Failure to Prevent Resident-to-Resident Physical Abuse Due to Inadequate Supervision
Penalty
Summary
The facility failed to protect a resident from physical abuse by another resident, resulting in a substantiated incident of abuse. According to the facility's own Abuse Prohibition policy, staff and residents were to be educated on avoiding situations that could lead to abuse, and proactive rounding was to be implemented to identify potential triggers and wandering behaviors. Despite these policies, a resident with a history of wandering and physical aggression was able to access hot coffee unsupervised and enter another resident's room, where she threw the coffee on the other resident, causing a red area on his right elbow. The resident who committed the abuse had severe cognitive impairment, Alzheimer's disease, and dementia, and was known to wander, invade personal space, and throw food items at others.

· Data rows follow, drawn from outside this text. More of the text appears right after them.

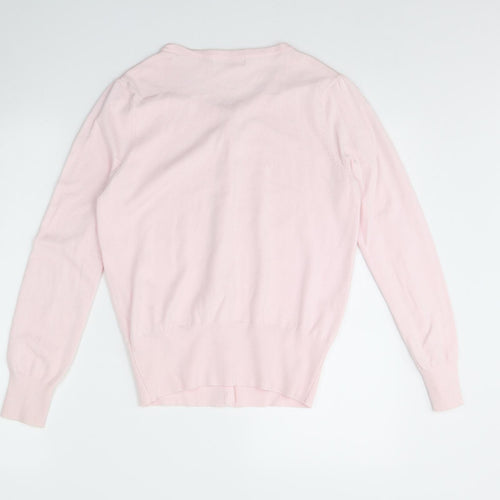 m&S Womens Pink   Cardigan Jumper Size 12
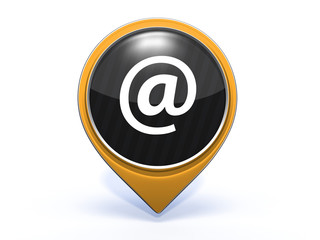 Email pointer icon on white background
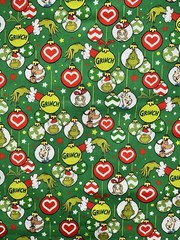 FERN’s XL SCRAP 10X22 “How The Grinch Stole Christmas” Ornaments Fabric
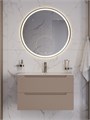 Тумба с раковиной подвесная BelBagno ЭТНА (ETNA) 90 Бежевый Матовый, раковина LOV-900-LVB LOV-900-LVB;ETNA-900-2C-SO-CO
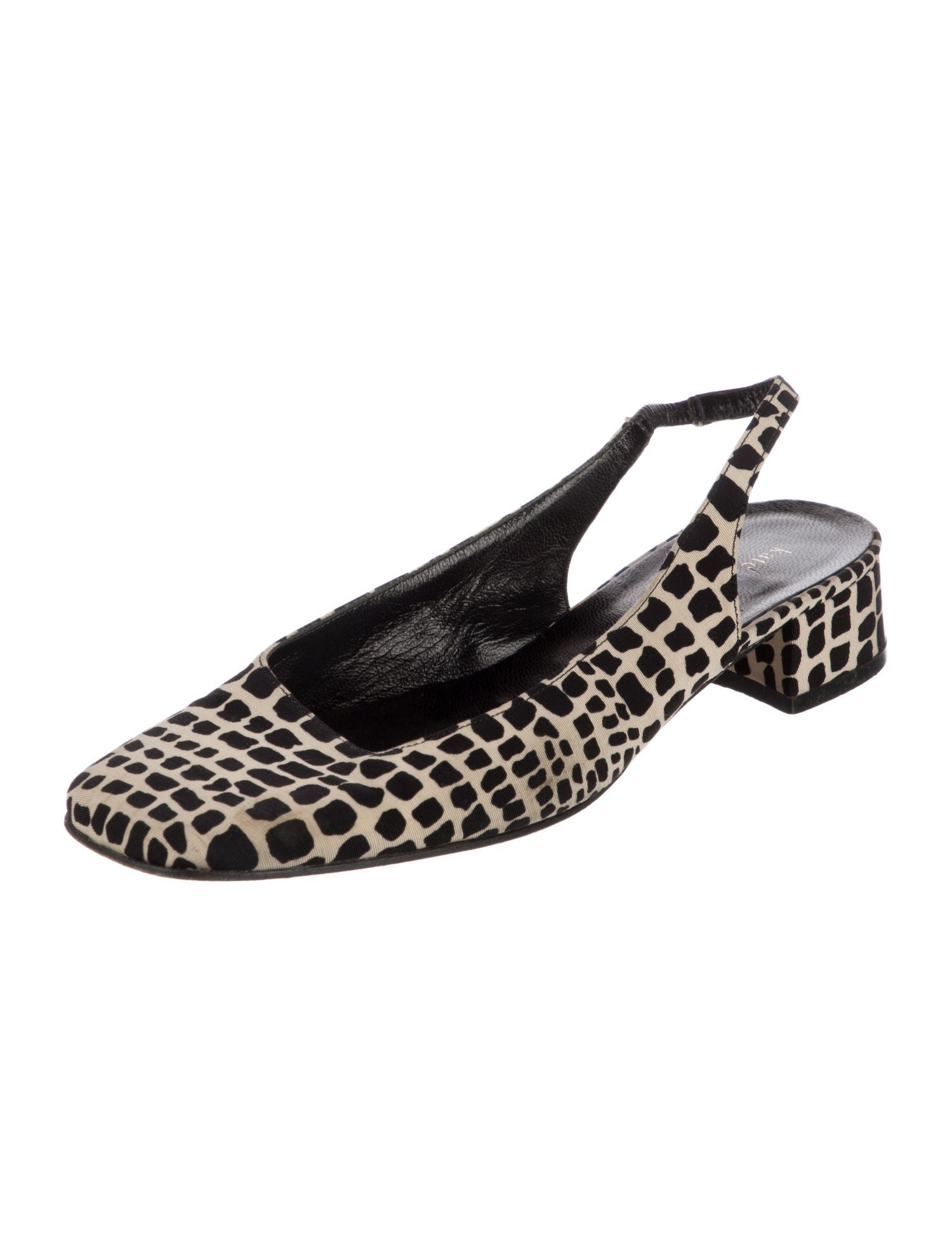 Kate Spade New York Canvas Printed Slingback Pumps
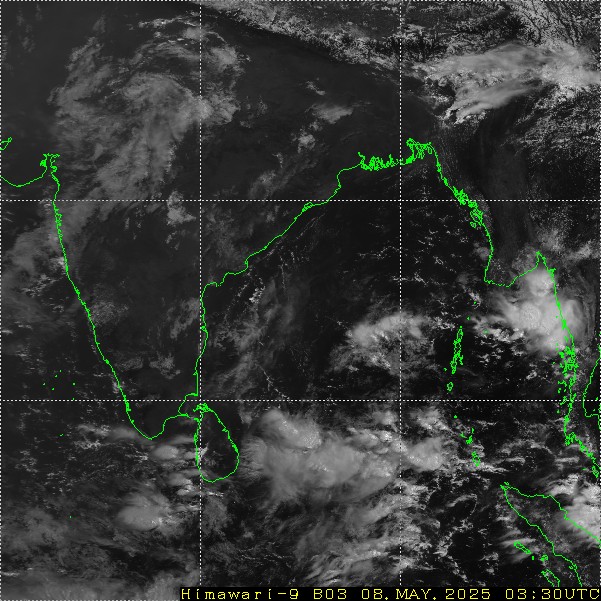 Himawari - India - látható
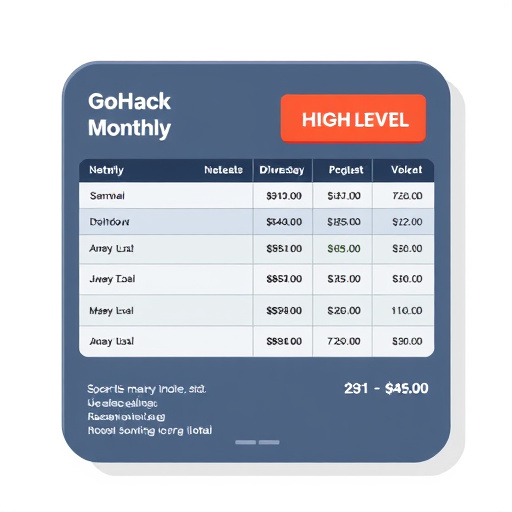 gohighlevel monthly invoice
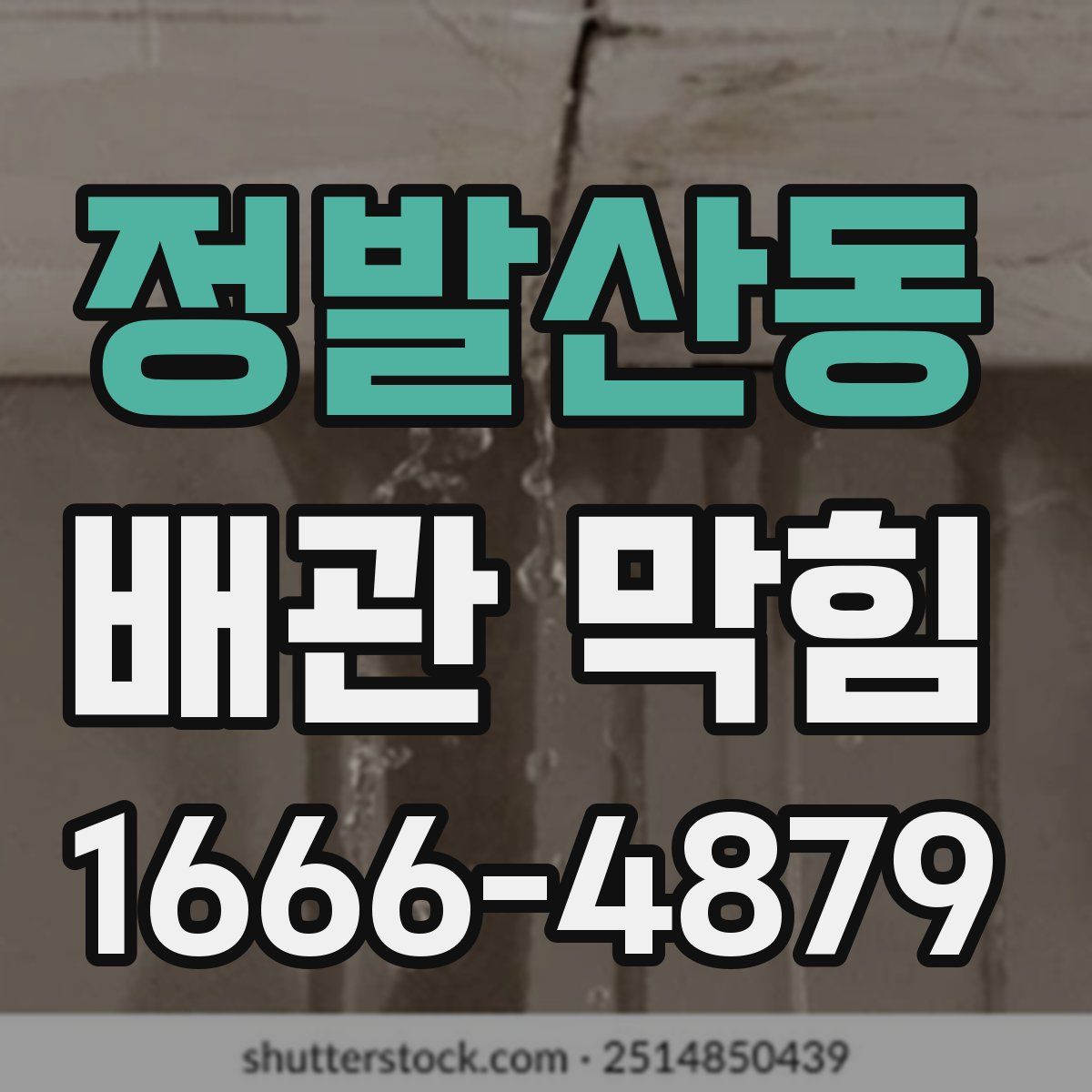 정발산동 배관 막힘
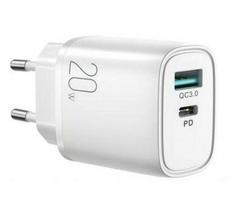 Adapteriai Joyroom  fast charger USB-A QC3.0 / USB-C PD 20W White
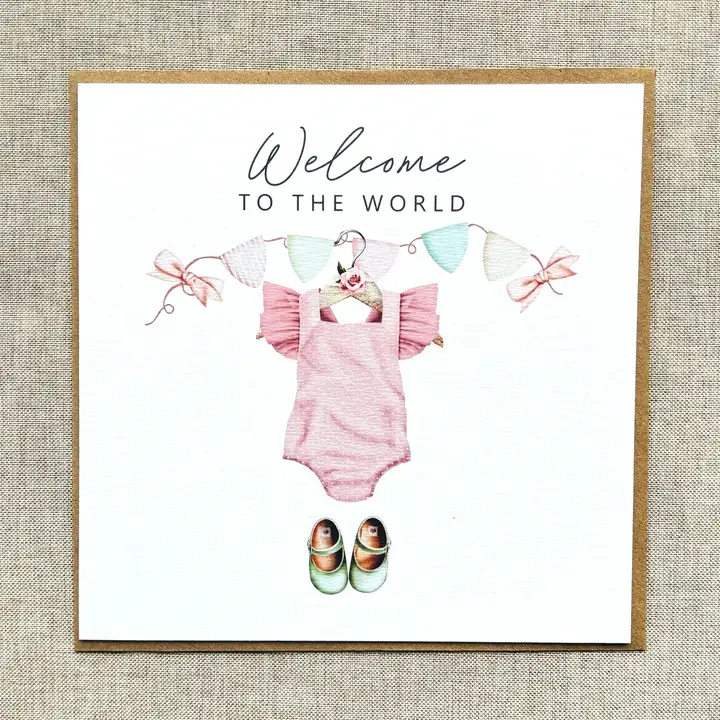 New Baby Girl Wecome To the World Card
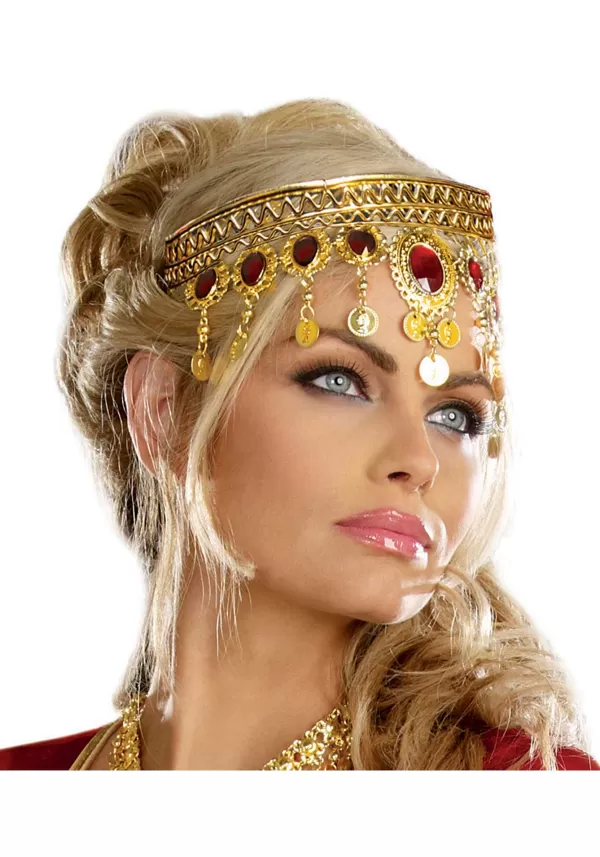 Best Dripping Rubies Headpiece For Women Costume Jewelry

Her care plan included interventions such as placing door signs, assisting her to designated areas, redirecting her when wandering, and ensuring she was closely supervised when consuming coffee. However, on the day of the incident, staff assisted her out of bed early and she wandered to another resident's room before staff were available to monitor her, leading to the altercation. The victim, also with severe cognitive impairment and multiple psychiatric and neurological diagnoses, was independent with mobility and had no prior behavioral symptoms. After the incident, he was found to have a red area on his arm but denied pain or discomfort. The facility's investigation confirmed that staff were not monitoring the resident with known behavioral risks at the time of the incident, which directly contributed to the occurrence of physical abuse.